[[ Supplied material, beginning ]]

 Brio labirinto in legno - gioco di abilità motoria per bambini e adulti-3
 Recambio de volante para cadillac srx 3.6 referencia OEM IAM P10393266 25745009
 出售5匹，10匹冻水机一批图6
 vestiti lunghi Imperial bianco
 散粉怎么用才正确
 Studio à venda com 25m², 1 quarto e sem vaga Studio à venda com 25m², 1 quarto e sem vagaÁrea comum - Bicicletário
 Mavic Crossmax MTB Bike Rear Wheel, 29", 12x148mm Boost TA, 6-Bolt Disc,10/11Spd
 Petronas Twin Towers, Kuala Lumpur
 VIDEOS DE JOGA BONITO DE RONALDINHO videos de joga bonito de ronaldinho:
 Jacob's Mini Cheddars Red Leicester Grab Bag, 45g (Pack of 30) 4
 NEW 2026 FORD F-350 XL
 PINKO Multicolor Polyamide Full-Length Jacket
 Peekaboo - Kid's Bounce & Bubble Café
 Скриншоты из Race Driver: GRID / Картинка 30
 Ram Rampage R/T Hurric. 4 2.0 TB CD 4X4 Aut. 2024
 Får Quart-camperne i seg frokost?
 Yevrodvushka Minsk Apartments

[[ Supplied material, end ]]

_Requirement_: Each line, starting with the one containing "Petronas Twin Towers, Kuala Lumpur" and ending with the last line of the records above, should be reproduced exactly.

_The completed task_:
 Petronas Twin Towers, Kuala Lumpur
 VIDEOS DE JOGA BONITO DE RONALDINHO videos de joga bonito de ronaldinho:
 Jacob's Mini Cheddars Red Leicester Grab Bag, 45g (Pack of 30) 4
 NEW 2026 FORD F-350 XL
 PINKO Multicolor Polyamide Full-Length Jacket
 Peekaboo - Kid's Bounce & Bubble Café
 Скриншоты из Race Driver: GRID / Картинка 30
 Ram Rampage R/T Hurric. 4 2.0 TB CD 4X4 Aut. 2024
 Får Quart-camperne i seg frokost?
 Yevrodvushka Minsk Apartments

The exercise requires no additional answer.